Payment in local government bonds

The Committee further noted the observations from the World Federation of Trade Unions, which refers to widespread protests of state employees in Cordoba over the non-payment of wages and the decision of the provincial government of Cordoba to pay their wages in local government bonds.

In response, the Government also referred to the profound financial crisis from the beginning of 1995 in the region. In Cordoba, provincial Act No. 8.472 was adopted in July 1995 to declare economic and financial emergency in the public sector of the province, which resulted in a delay in payment of sums due to employees. Among various measures taken in the circumstances, it was made possible to pay wages up to $400 in cash and the rest in CECOR (Certificates of Cancelation of Obligations of the Province of Cordoba), which are accepted for its nominal value in all the shops in the Province and also usable to pay debts to the provincial state (such as tax). According to the Government, the CECOR are bonds for a term of 24 months with 12 per cent of annual interest. It also adds that, since the average cash salary is $398 ($588 including social contributions and pension funds), the payment of wages in the form of CECOR was limited to higher level staff who receive the bonds for the part in excess of $400, and that 50,000 employees out of 63,000 thus receive their full salary in cash.

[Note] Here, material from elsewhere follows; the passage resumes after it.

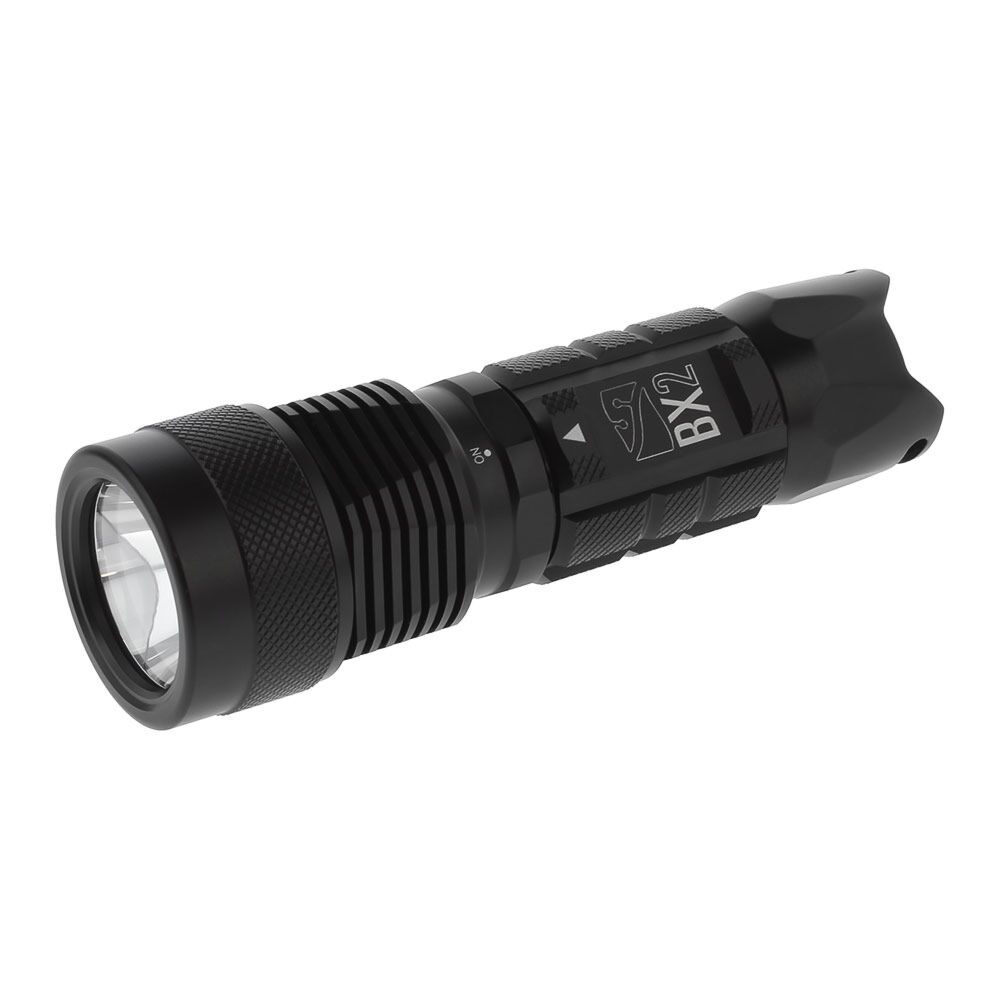 DiveRite BX2 Handheld Light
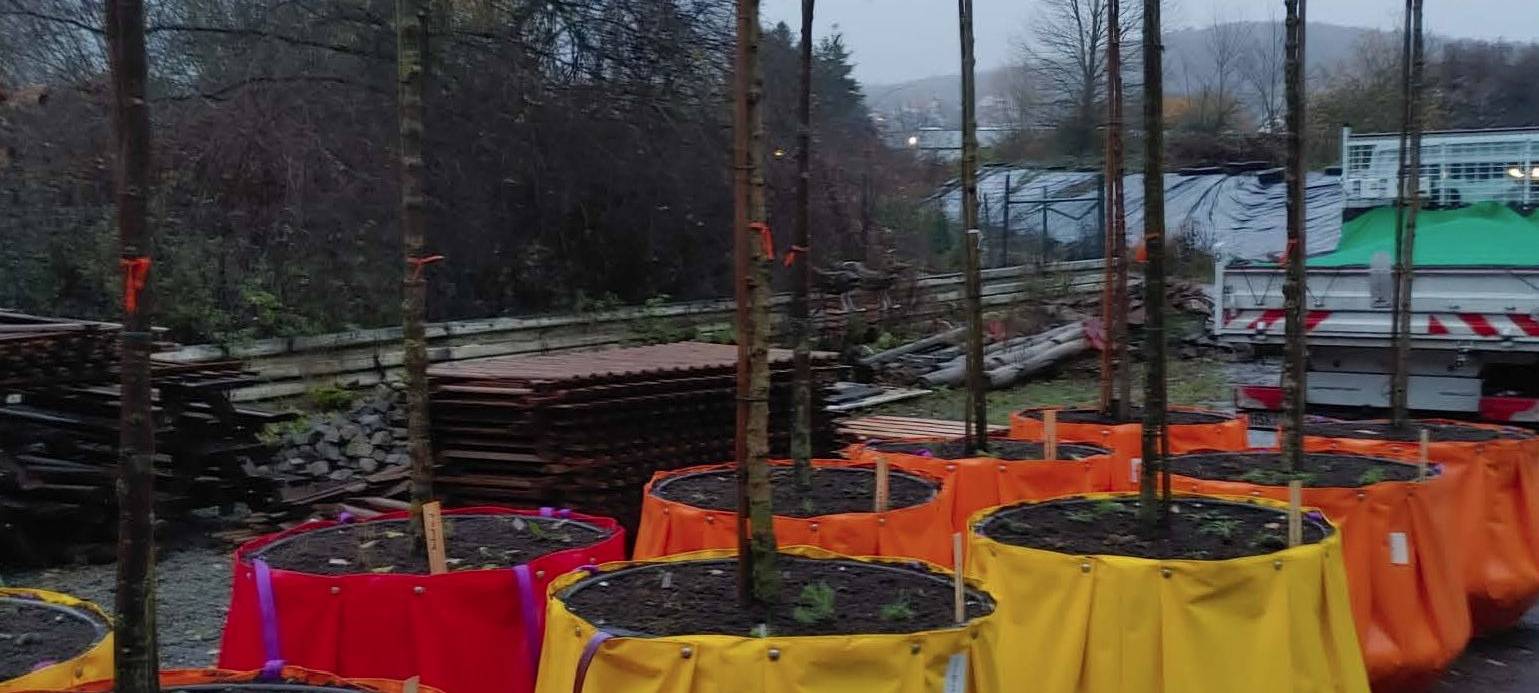 Bäume gegen Falschparker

The Committee notes the above, and in particular the Government's explanation of the emergency nature and the limited use of the bonds. It recalls however that the payment of wages in local bonds is a measure in violation of Article 3 (payment of wages in legal tender). It requests the Government to continue to report on the development of the matter also in the light of Article 12(1) (regular payment of wages).

Maritime sector

In reply to the previous comments made by the Union of United Maritime Workers (SOMU), including reference to deferred payment and non-payment of wages in the maritime sector, the Government mentions various measures taken: the claims of the SOMU and the Centre of Masters of River Boats had been dealt with by the Directorate of Individual Labour Relations, which ordered the enterprises concerned to pay immediately the wage arrears due; the National Directorate of Labour Inspection had also intervened to record and penalize violations; the tripartite consultation committee to promote the application of international labour standards, which include SOMU representatives, examined the observations of the Committee of Experts on Convention No.95 among others.

The Committee notes the above indications. It also notes that the SOMU communicated since its last session observations on the application of Convention No. 81 on labour inspection and that the attached documents include copies of several claims made against the ship owner about non-payment or delayed payment of wages. The Committee therefore requests the Government to continue to provide detailed information on measures taken to ensure the practical application of the Convention (in particular Article 12) in the maritime sector, and on any difficulties encountered, including, for instance, extracts from official inspection reports and information on any infringements observed and sanctions applied with regard to the payment of wages.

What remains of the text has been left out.